As ORMDI’s problems continued, she reached out to Congress — first in September 2022, to Democratic congressman Chris Pappas’s office, as he was on the House Veterans Affairs’ Committee. Pappas’s staff got back to her immediately, but the relationship yielded no results. A year later, she contacted the office of Democratic congressman Mark Takano, the ranking member of HVAC. Takano’s office told her they would have a lawyer reach out, but heard nothing but “crickets.”
She did eventually have a recorded interview session with members of both parties, but felt the process was becoming “political.”
“I actually thought that the Democratic Party or that side was actually trying to find holes in my report, and I was done. I refuse to meet with them. I refuse to have a second interview. They wanted to have a second interview, and I just declined. I just declined.” She went on to suggest that they wanted to protect the Biden administration from any embarrassing scandals.
Thus far, there has been virtually no real accountability for the conduct plaguing the diversity office, aside from the half-cocked attempt to ban the World War Two kissing sailor photo.
Secretary McDonough admitted to the House Veterans Affairs Committee during a February hearing that he “failed” to properly investigate whistleblower complaints about sexual harassment at ORMDI, but has shown no signs of intending to leave his post. The assistant secretary responsible for human resources, Gina Grosso, left the VA almost immediately after Congress first raised these problems; McDonough claims her exit had nothing to do with the harassment scandal.
Republican congresswoman Mariannette Miller-Meeks, who spent twenty-four years in the military, lamented that “that no one in the federal government is ever held accountable,” and described the conduct within ORMDI as “deplorable.”
Takano, meanwhile, attacked Republicans for “being intentionally reckless and cavalier with the truth or willfully blind as they continue to push their narrative of widespread misconduct in ORMDI.” The month prior, he was the only member of either party on the committee to vote against subpoenaing thousands of documents related to the case.
The whistleblower’s superior received the same punishment that Davis did: proposed removal. “In order to hold someone accountable, not only Archie received disciplinary action, but my manager received disciplinary action.

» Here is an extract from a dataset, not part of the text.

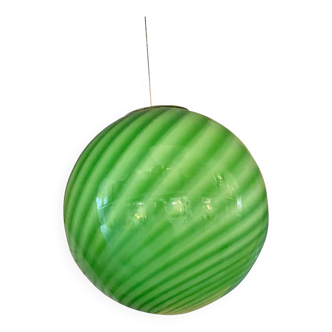 Suspension contemporaine sphère verte et blanc laiteux en verre de Murano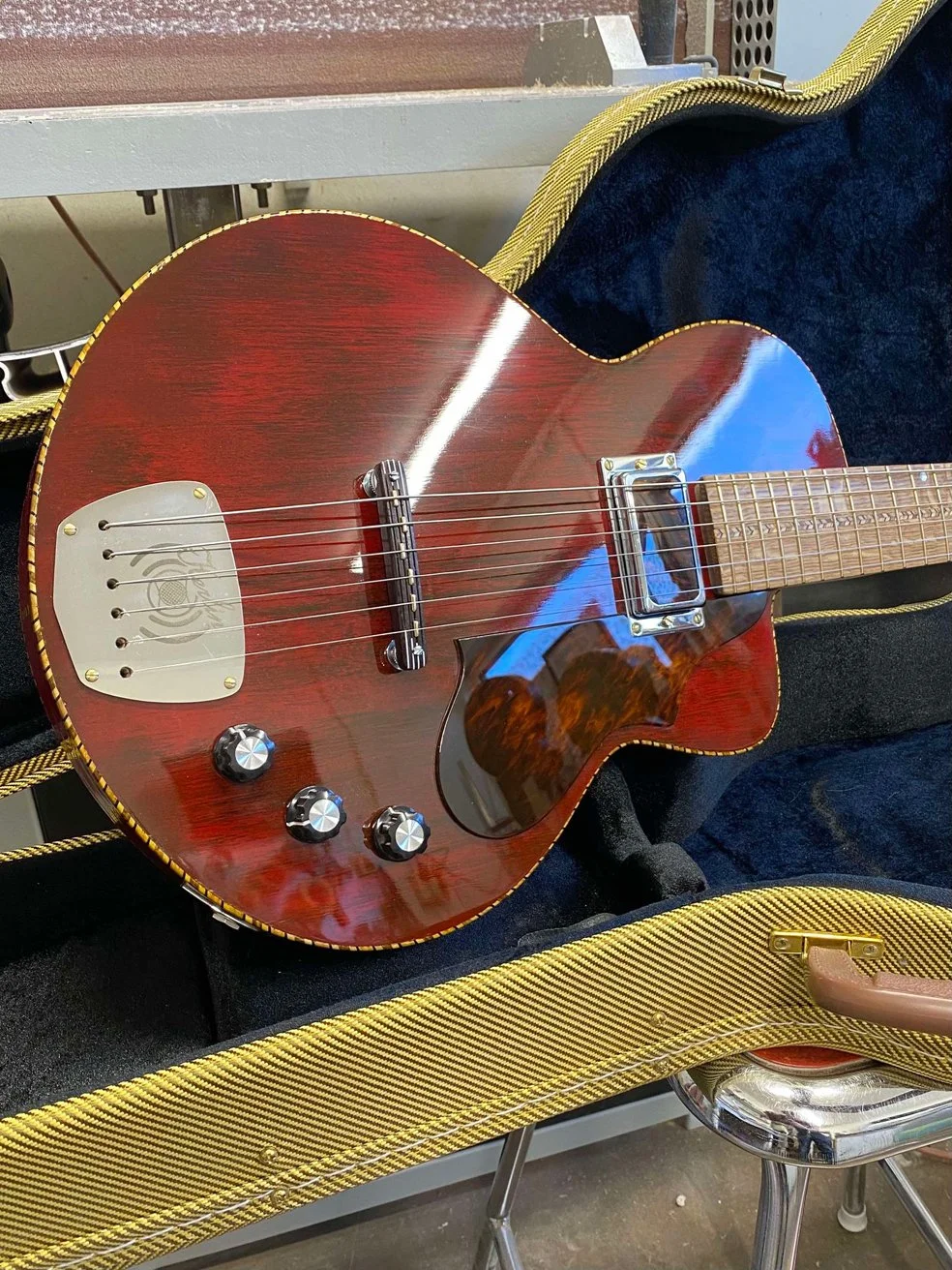 Hawaiian rope binding detail on Nymph guitar, blending Scandinavian craft, folklore and Weissenborn‑inspired aesthetics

So she received the same disciplinary action as the harassers,” she noted.
That whistleblower further detailed how she was subjected to a sexual harassment complaint following her internal alarm-sounding — and said that while the agency’s investigation into her was found to be unsubstantiated, in an ironic twist, it was further outsourced to the United States Postal Service.
She further remarked about how quickly the investigation into her was opened, in contrast with years of delay when it came to the investigation into Davis, which has been repeatedly substantiated. However, the process has been the punishment for her anyway — and it makes her question whether blowing the whistle was even worth it.

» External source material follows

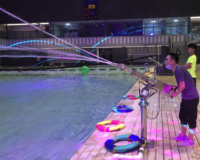 Pistolet à eau rotatif Gatling en acier inoxydable, équipement de jeu aquatique pour parc aquatique, tireur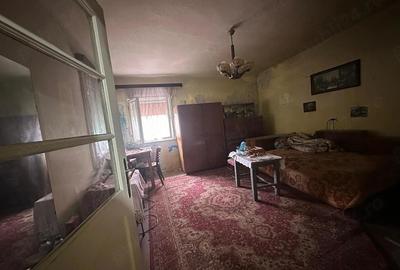 Casă cu 2 camere cu Teren 146 Mp în Central - 2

“That is why employees do not want to come forward, because of the retaliatory actions of managers,” she said. “I thought about it: if I knew then what I know now, I don’t know if I would have come forward, I don’t know, but I knew I had to because my employees were in danger… Coming forward is just not worth it, it’s not, when you’re trying to do the right thing.”
The whistleblower has a simple message at the end of the day about her concerns. “We’re not the enemy. We did try to go through our proper chain of command, but we just weren’t being heard.”